Before the Women’s Super League season began, I wrote an article for The Barmy Article – the first women’s fanzine – on the state of refereeing in the women’s game.
— Andy – Barmy Article MUWomen fanzine (@sl8r7) October 11, 2021
Towards the end of last season it was announced that the PGMOL would oversee the officiating in the top flight of the women’s league. It gave people hope that the standard and professionalism would improve but alas, not much has changed.
We have a fantastic league here in England- the top flight and a large percentage of the Championship have full-time professional players and coaches and yet our referees are not. That’s neither fair on the officials nor the teams they oversee each weekend.
In the original article, I reflected upon the worst decision ever made in a football match- ever! It was in the 2019/2020 season, Manchester United women were playing away at Reading when the home side won a free-kick just outside of the penalty area.
It was brilliantly defended by club captain Katie Zelem who clearly headed it out for a corner, arms down by her side. Much to everyone’s amazement, the ref blew for a penalty. “Handball”, Kirsty Dowle declared.
Now, luckily, that isn’t a weekly occurrence but I’ve witnessed players receive two yellow cards and stay on the pitch, fouls that are shocking, endangering an opponent and play being waved on, clear goals disallowed for not crossing the line when they had, and many offside goals being allowed to stand.
This is the biggest problem facing women’s football today and in some ways it feels like these errors and inadequacies are being further highlighted by this season’s broadcasting deal.
Now these mistakes are on show for all the world to see and ridicule. I wanted these problems fixed before we put our sport on a global stage. How will people take the game seriously if the FA doesn’t?
We have some of the best players in the world playing in our league as the Ballon d’Or shortlist highlighted. They deserve better than errors like this costing them games.

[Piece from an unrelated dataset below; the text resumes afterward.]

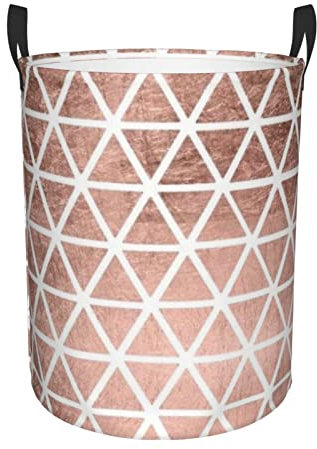 WKSGDSG Round Laundry Basket, Waterproof Oxford Fabric Storage Bin For Clothes Toys Books, Rose Gold Laundry Hamper With Handles & Pe Support Rim, Collapsible Basket For Home, Bathroom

Furthermore, as I addressed in the original article, wrong decisions don’t just put points at risk, they put players at risk. If dangerous tackles go unpunished, more players think they can get away with it and serious injuries could occur.
I don’t blame the officials for the mistakes made, they need to be given the time and resources to allow them to learn and improve. We do have some good quality officials that display a lot of potential and are passionate about the success of our league but the FA needs to invest in them.
What’s the solution? I think it’s a simple one really, the money generated from the broadcast deal needs to be spent on training and paying officials fairly. We need professional, full-time referees and the chance for those already officiating in the league to take that next step.